* **What needs to be done**: Give the listing again in full and exactly, apart from its pictures.

* **Records supplied**:

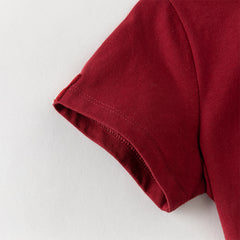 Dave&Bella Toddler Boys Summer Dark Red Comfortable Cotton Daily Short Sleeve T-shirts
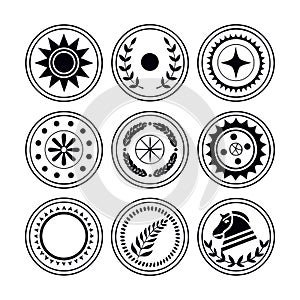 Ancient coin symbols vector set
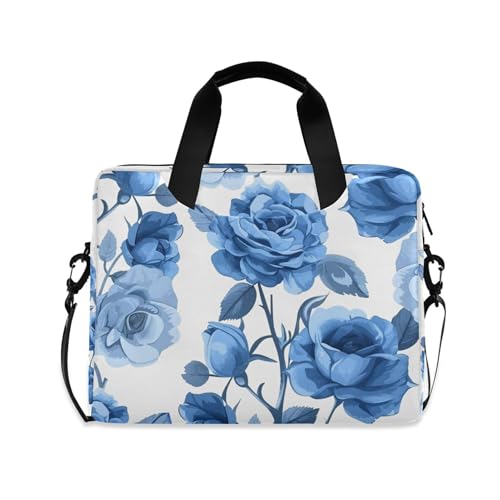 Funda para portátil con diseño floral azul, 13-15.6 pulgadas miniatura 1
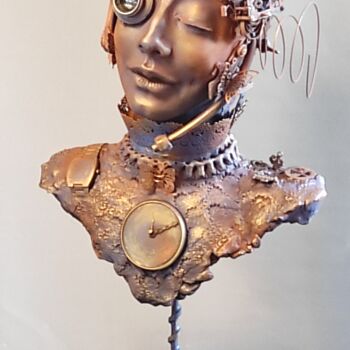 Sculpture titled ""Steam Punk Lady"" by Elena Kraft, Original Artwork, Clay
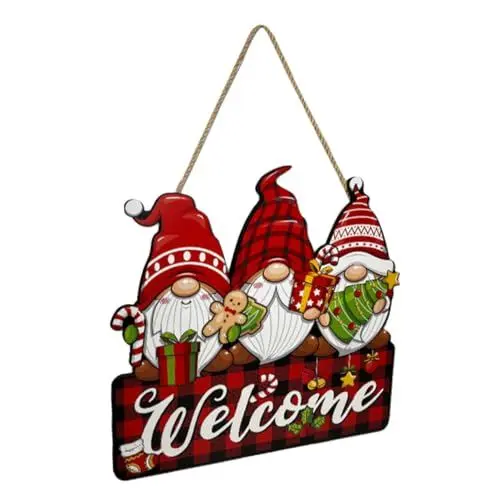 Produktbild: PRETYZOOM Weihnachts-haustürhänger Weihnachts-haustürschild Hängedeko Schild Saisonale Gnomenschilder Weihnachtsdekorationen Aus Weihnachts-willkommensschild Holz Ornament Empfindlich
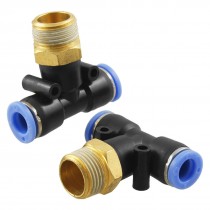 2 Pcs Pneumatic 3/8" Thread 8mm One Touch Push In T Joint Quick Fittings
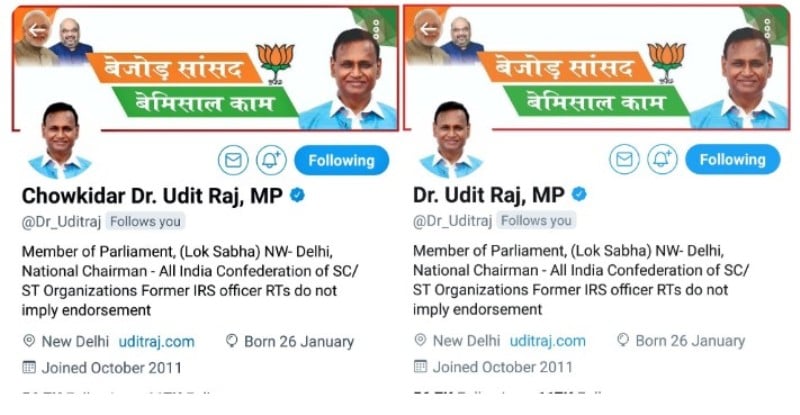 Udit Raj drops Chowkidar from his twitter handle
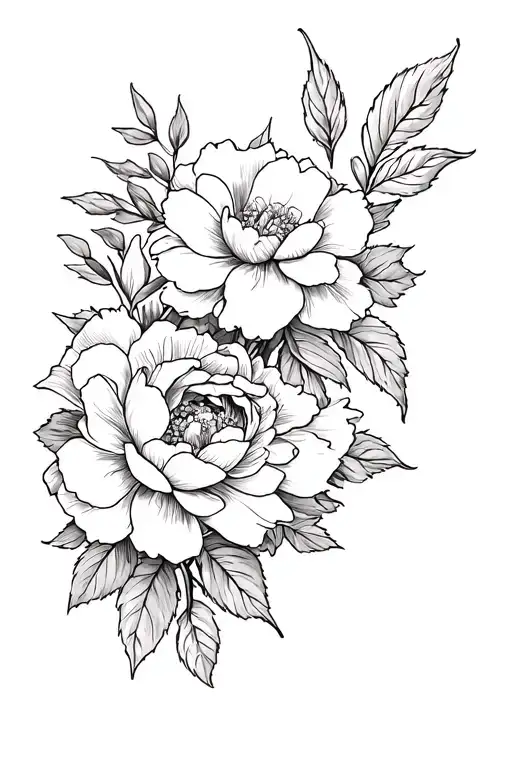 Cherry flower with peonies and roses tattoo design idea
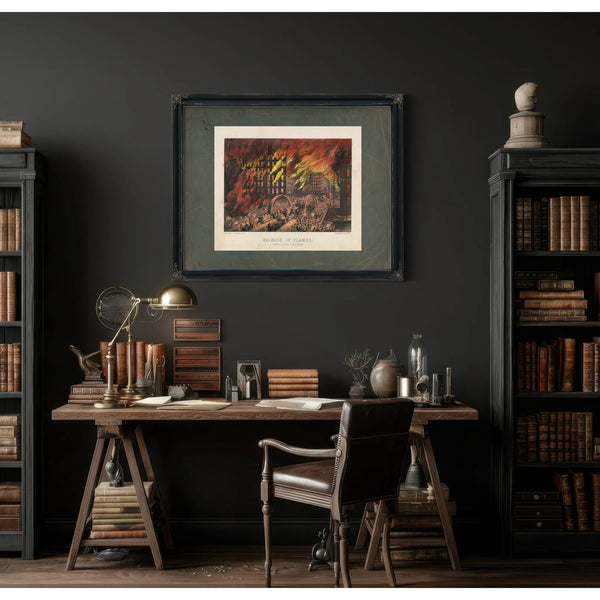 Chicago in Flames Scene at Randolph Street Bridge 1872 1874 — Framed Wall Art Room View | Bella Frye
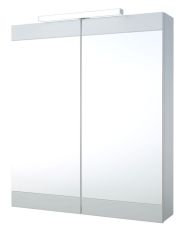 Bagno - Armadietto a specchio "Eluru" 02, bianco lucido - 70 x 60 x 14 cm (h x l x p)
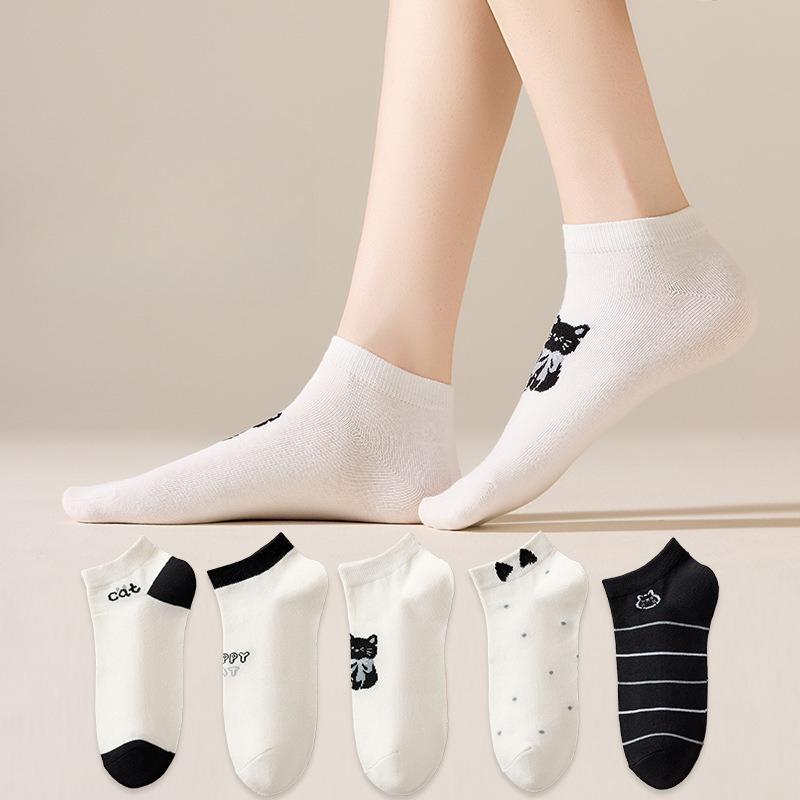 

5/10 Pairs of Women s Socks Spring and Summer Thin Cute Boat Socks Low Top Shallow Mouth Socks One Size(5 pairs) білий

* **Result**:
 Dave&Bella Toddler Boys Summer Dark Red Comfortable Cotton Daily Short Sleeve T-shirts
 Ancient coin symbols vector set
 Funda para portátil con diseño floral azul, 13-15.6 pulgadas miniatura 1
 Sculpture titled ""Steam Punk Lady"" by Elena Kraft, Original Artwork, Clay
 Produktbild: PRETYZOOM Weihnachts-haustürhänger Weihnachts-haustürschild Hängedeko Schild Saisonale Gnomenschilder Weihnachtsdekorationen Aus Weihnachts-willkommensschild Holz Ornament Empfindlich
 2 Pcs Pneumatic 3/8" Thread 8mm One Touch Push In T Joint Quick Fittings
 Udit Raj drops Chowkidar from his twitter handle
 Cherry flower with peonies and roses tattoo design idea
 Chicago in Flames Scene at Randolph Street Bridge 1872 1874 — Framed Wall Art Room View | Bella Frye
 Bagno - Armadietto a specchio "Eluru" 02, bianco lucido - 70 x 60 x 14 cm (h x l x p)

5/10 Pairs of Women s Socks Spring and Summer Thin Cute Boat Socks Low Top Shallow Mouth Socks One Size(5 pairs) білий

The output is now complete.